SOURCE MATERIAL below:

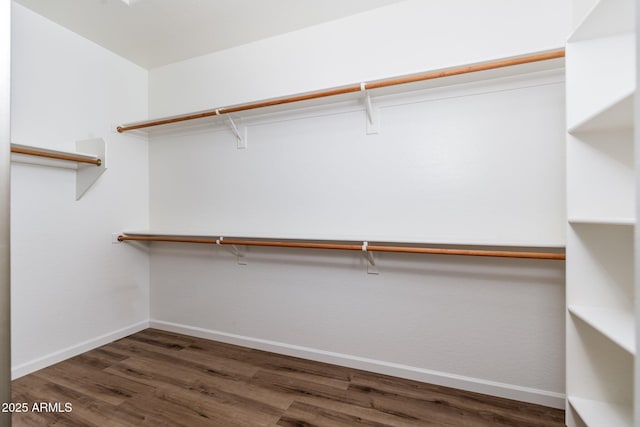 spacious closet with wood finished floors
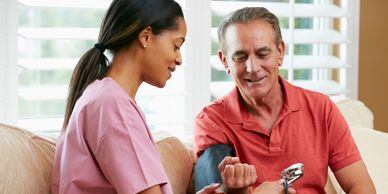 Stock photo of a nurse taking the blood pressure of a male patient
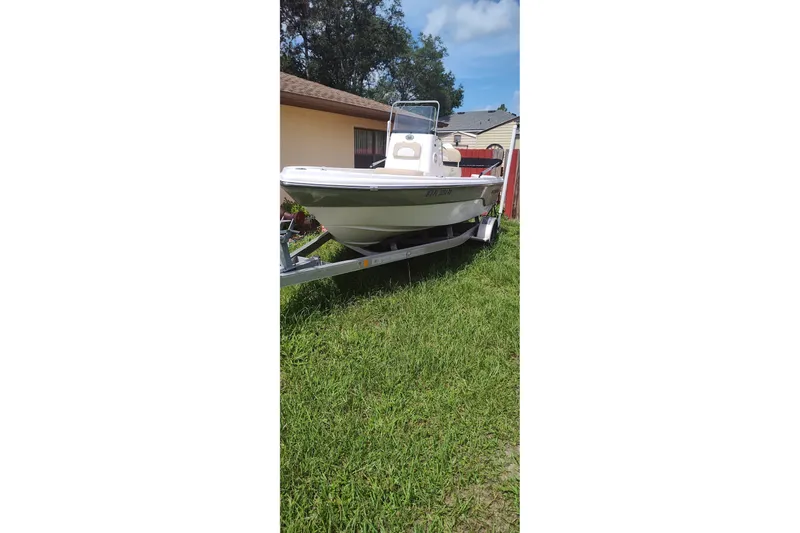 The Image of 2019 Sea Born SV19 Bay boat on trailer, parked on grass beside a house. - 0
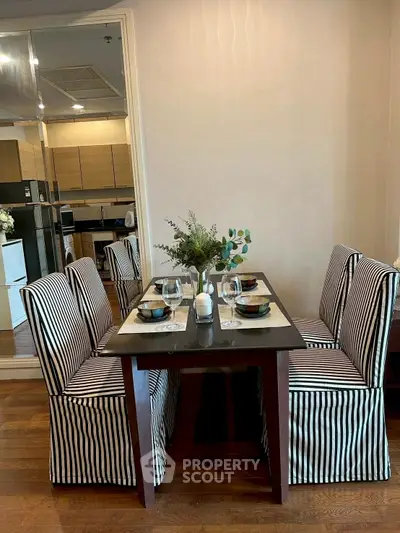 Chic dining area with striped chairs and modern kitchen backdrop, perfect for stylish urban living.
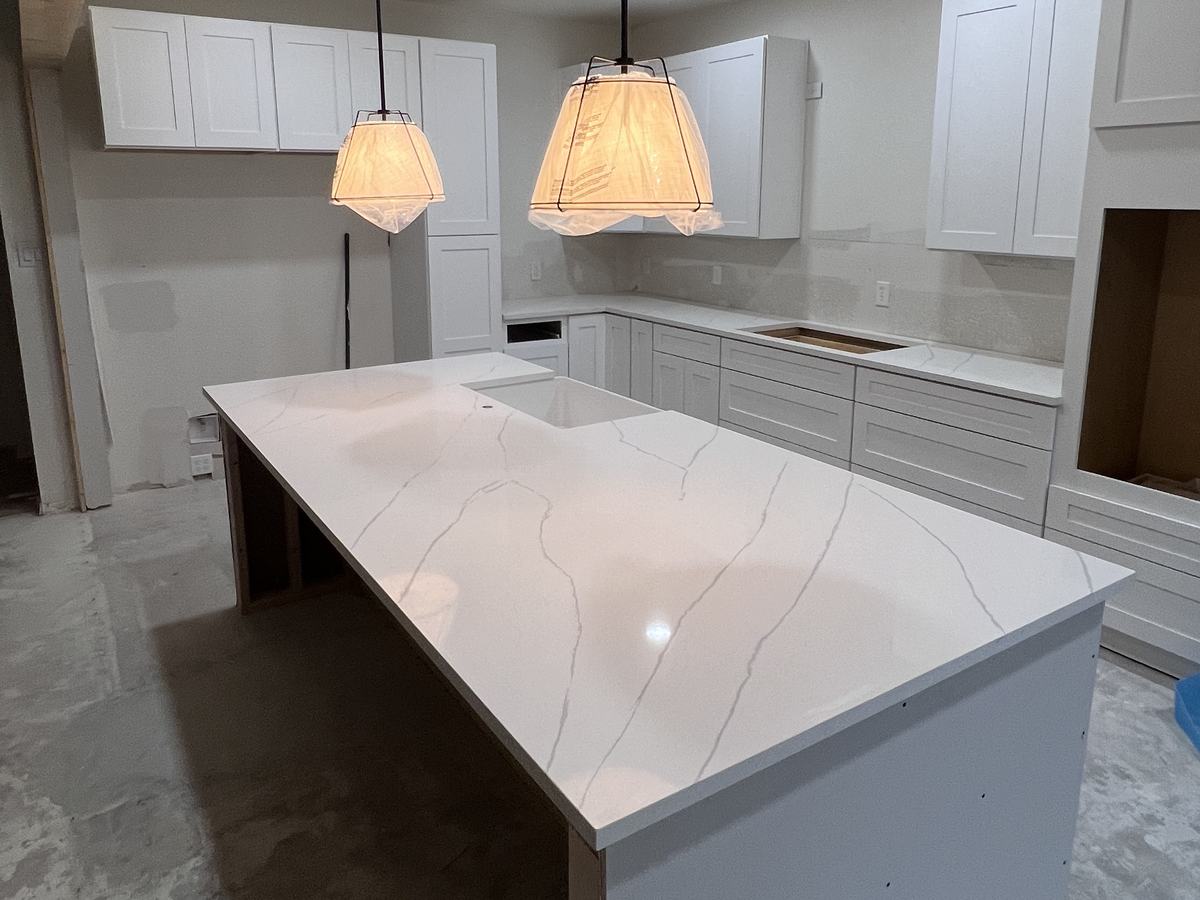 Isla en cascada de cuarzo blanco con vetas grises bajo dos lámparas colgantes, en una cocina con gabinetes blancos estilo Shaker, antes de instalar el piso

End of SOURCE MATERIAL.
SOURCE MATERIAL below:

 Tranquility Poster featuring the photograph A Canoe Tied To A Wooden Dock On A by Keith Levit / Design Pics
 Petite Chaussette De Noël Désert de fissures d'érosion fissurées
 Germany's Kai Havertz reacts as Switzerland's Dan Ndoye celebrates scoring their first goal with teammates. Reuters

End of SOURCE MATERIAL.
SOURCE MATERIAL below:

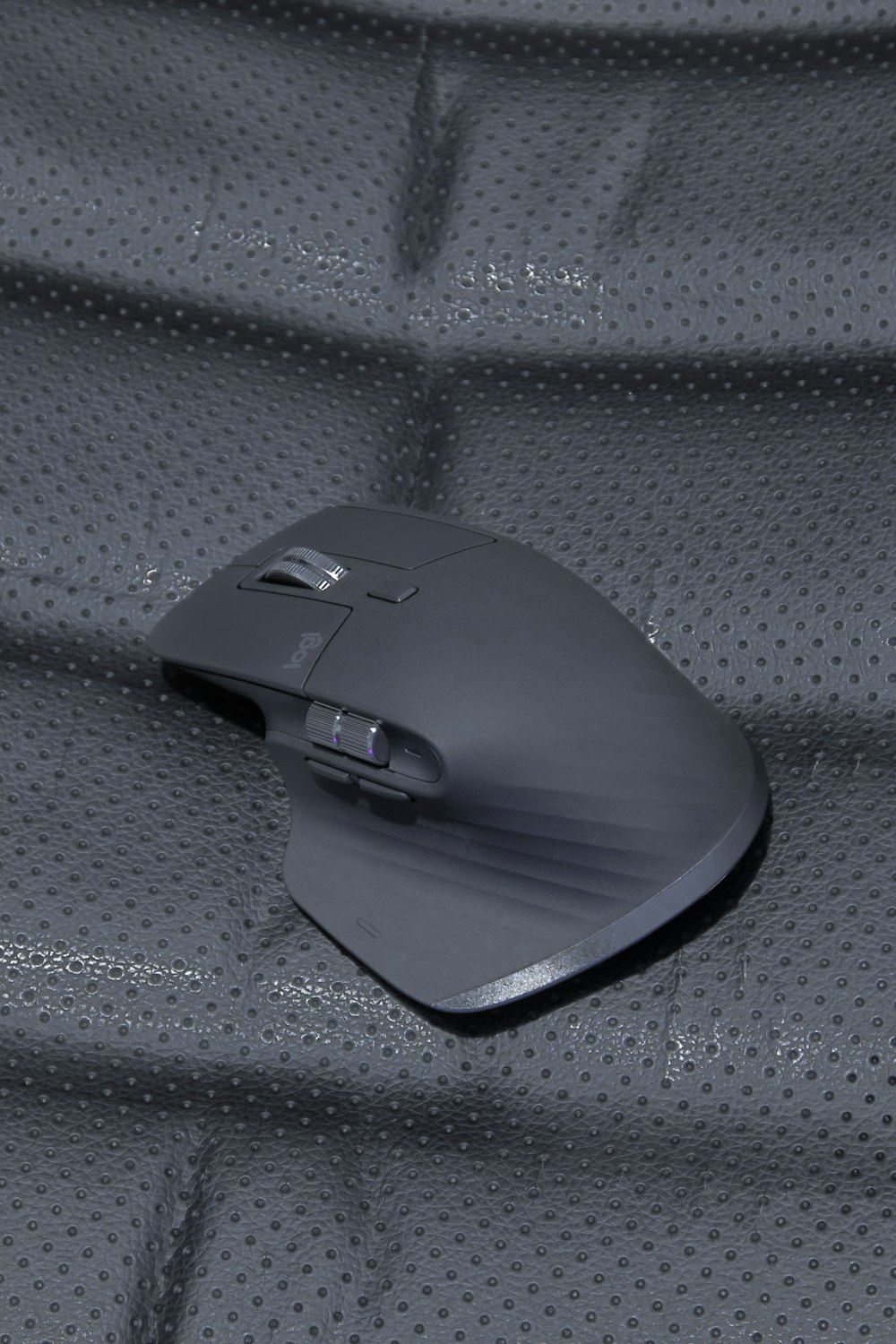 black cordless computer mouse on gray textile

End of SOURCE MATERIAL.

Retype only the lines above from the one with "Chic dining area" through the one with "Isla en cascada", exactly and with both ends. Images stay out.

 Chic dining area with striped chairs and modern kitchen backdrop, perfect for stylish urban living.
 Isla en cascada de cuarzo blanco con vetas grises bajo dos lámparas colgantes, en una cocina con gabinetes blancos estilo Shaker, antes de instalar el piso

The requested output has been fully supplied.